Diyanet İşleri Başkanlığımız, 15 Temmuz ve sonrasında sükûnet, denge, güven ve sağduyu üretmek için yoğun gayret sarf etmiştir. Hanelerimize korku salmayı hedefleyen ihanet kalkışmasına karşı en etkili cevap, Rasul-i Ekrem’e salat ve selam gönderen, hâlimizi Rahman’a arz eden sala sesleri olmuştur. Minarelerimizden yükselen ışıkların ve salaların yankısı sınırlarımızı aşmış, Kerkük’ten Saraybosna’ya bütün İslam coğrafyasında dolaşarak Müslüman kardeşlerimizin dualarını bize ulaştırmıştır. Arşivlerinde ihtilallere dair ağır baskıların izlerini saklayan Diyanet İşleri Başkanlığımız bu girişimde sessiz kalmamıştır. Tek yürek olmaya dair davetimiz, taşkınlığa ve şiddete izin vermeme yönündeki çağrımız halkımız nezdinde büyük makes bulmuştur.

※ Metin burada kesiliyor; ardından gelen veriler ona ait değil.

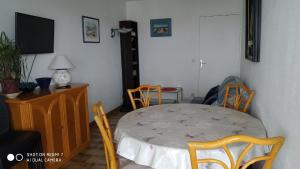 Appartement T2 vue Mer et Port,2 balcons, Parking privé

Başkanlığımız yıl boyunca toplumumuzun ve İslam dünyasının 15 Temmuz hakkında aklıselim ile düşünmesine ve değerlendirmelerde bulunmasına yardımcı olacak faaliyetlerini sürdürmüştür. İlim ve irfan geleneğimize ait köklü kavramları kullanarak habis adımlar atan paralel devlet yapılanmasının asıl niyetini açığa çıkaran, bu niyetin İslam ile asla bağdaşmadığını ilan eden bu faaliyetler, ilmî, dinî ve sosyal platformlarda devam edecektir. “Ezanları susturan darbelerden, darbeleri susturan salalara” şiarıyla düzenleyeceğimiz bir dizi program, sergi ve etkinlik de bu bilinçlendirme çalışmalarının devamı olacaktır.

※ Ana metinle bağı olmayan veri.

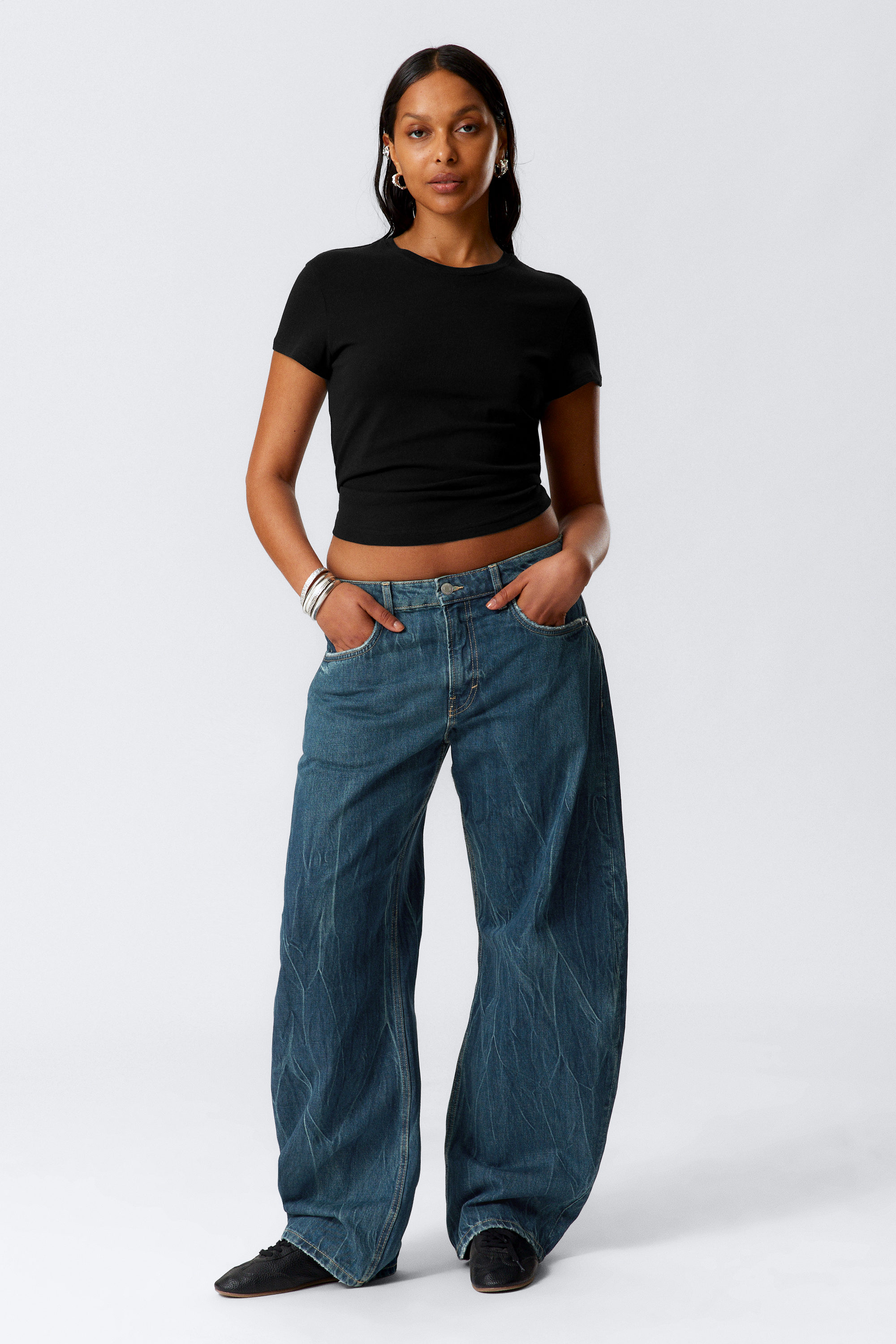 Gnarly Blue - Medium Blue - Abell Mid Rise Regular Cocoon Leg Jeans - 1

“Hâfız” ismiyle bizleri büyük bir fitneden muhafaza buyuran Rabbimize nihayetsiz hamdolsun. Milletimize bu ağır imtihanda cesaretli, metanetli ve iradeli olmayı nasip eden Yüce Rabbimiz, beraberlik ruhumuzu dağıtmaya, ferasetimizi dumura uğratmaya, soğukkanlı duruşumuzu bozmaya kalkışanlara fırsat vermesin. Milletimizin geleceğini aydınlık ve müreffeh eylesin. Eman ve emniyeti, selam ve selameti, huzur ve bereketi bu topraklarda daim eylesin. Cenab-ı Hak, imtihanın peşi sıra gelen nimetinden ibret almayı, zaferden hakkaniyet, merhamet ve hikmet üretmeyi bizlere nasip etsin.